A Summary of Survey Responses (all percentages are rounded)
Total Respondents: 327
Results from 5 Continents: North America, Australia, Europe, South America, Asia
Currently living in 14 Countries and 200 Cities in the USA, Canada, Australia, Portugal, Brazil, Hong Kong, Macau, Philippines, Britian, France, Vanuatu, New Zealand, Finland, and Sweden
Gender: 59 % Female, 40 % Male
Age: 47 % (under 18 – 64), 52 % (65 and older)
General Health: Excellent-Good (87 %), Fair-Poor (12 %)
Mental Health: Good Days p/mo.: (62 %), Not Good 5-15 days (26 %), Not Good 15-30 days (3 %)
Physical Health: (Frequency of Illness p/mo.): None (59 %), 5-10 days (23 %), 10-30 days (9 %)
Origin of Ancestors reported: 92 % from Portugal, Goa, Macau, Hong Kong, Shanghai
Average Number of Living Family Members: 15,579 (+/- 8 %)
Average Family Size reported: 48 family members
Social Media usage reported to connect with family: Facebook (81 %), WhatsApp (68 %), Instagram (41 %), LinkedIn (30 %), Twitter-X (13 %), WeChat (9 %), Snap (5 %), Viber (3 %)
Cultural Identity reported: 99 % identify as Macanese, Portuguese, Luso-Asian, or Eurasian
Willingness to send Digital Pictures or Documents for Research Archive: 50 %
Estimate of the Global Luso-Asian–Macanese Population: 1,947,375 [5]
Level of Confidence: 95 %
Margin of Error: 5.42 % (+ or –)
Range of Variance: 1,841,827 to 2,052,923 = Luso-Asian-Macanese World-wide
Unique Family Names: 500 (found in Macau, Goa, Portugal, Hong Kong, Timor)
[1] This is a newly created research group under the direction of Dr. Xavier at U.C. Berkeley. More information about the purpose of the Center and its research initiatives will be provided shortly.
[2] For example, see the academic sources used for population numbers on current Wikipedia pages under “Macanese”, which apparently only apply to Macau and not to diaspora communities outside Asia. Few demographers have continued the work of John Byrne’s 2011 review of Luso-Asian and Eurasian groups, which estimated the global population to be about 500,000, based on census data from 2001-2010. “The Luso-Asians and other Eurasians: Their Domestic and Diasporic Identities”, in The Making of the Luso-Asian World, Laura Jarnagin, pgs. 131-154, ISEAS, Singapore, 2011.
[3] John Byrne, p. 137. Also, there has been little interest in the research of Jorge Forjaz on Macanese families, which identified more than 500 distinct surnames and provides historical background on individuals within each family. Jorge Forjaz, Familias Macaense, International Institute of Macau, 1996 and 2017 editions. Relatively little attention also has been focused on the historical work of Stefan Halikowski Smith (2010) or Sheyla S. Zandonai (2010) among others.
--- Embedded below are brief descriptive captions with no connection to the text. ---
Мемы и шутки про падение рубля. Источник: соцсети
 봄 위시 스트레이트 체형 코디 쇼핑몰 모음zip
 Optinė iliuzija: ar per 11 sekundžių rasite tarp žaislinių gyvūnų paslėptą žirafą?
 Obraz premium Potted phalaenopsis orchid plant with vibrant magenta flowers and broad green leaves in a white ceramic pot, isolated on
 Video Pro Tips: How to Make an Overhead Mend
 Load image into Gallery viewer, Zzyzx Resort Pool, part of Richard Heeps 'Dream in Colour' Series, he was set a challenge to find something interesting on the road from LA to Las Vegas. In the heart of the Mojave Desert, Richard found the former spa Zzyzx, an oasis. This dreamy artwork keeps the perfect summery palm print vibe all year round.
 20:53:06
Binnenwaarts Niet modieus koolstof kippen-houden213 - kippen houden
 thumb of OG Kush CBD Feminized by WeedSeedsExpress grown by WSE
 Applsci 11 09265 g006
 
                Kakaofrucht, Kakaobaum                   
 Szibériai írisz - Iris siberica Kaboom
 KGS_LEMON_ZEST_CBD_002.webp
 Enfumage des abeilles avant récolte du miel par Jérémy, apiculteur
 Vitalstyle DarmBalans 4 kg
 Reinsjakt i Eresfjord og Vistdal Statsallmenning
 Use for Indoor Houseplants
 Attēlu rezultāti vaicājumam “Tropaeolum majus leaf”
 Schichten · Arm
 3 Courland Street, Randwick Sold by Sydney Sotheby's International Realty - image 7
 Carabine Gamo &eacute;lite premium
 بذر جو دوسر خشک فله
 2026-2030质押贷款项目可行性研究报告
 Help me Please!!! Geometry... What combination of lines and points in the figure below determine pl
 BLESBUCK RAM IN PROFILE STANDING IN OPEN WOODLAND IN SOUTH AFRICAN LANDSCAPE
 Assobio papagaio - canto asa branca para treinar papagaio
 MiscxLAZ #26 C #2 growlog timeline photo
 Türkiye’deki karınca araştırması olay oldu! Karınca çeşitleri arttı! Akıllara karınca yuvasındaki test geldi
[4] “Aspects of Macanese culture achieve national recognition”, Permanent Secretariat of the Forum for Economic and Trade Co-operation between China and Portuguese-speaking Countries (Macao), June 15, 2021.
[5] The final calculations included controls for duplicate responses of family size among relatives who responded, and presumes the current number of Luso-Asian / Macanese families (500) found in numerous archives around the world by genealogists. The use of family names does not include name changes among women or men due to marriages outside the Luso-Asian community or other personal preferences. In other words, an unknown number of Luso-Asian women (matrilineal surnames) or men, who married non-Luso-Asians and adopted their surnames, may not have been among the survey respondents. This suggests the current estimate from the 2024 survey may be lower than the actual population size.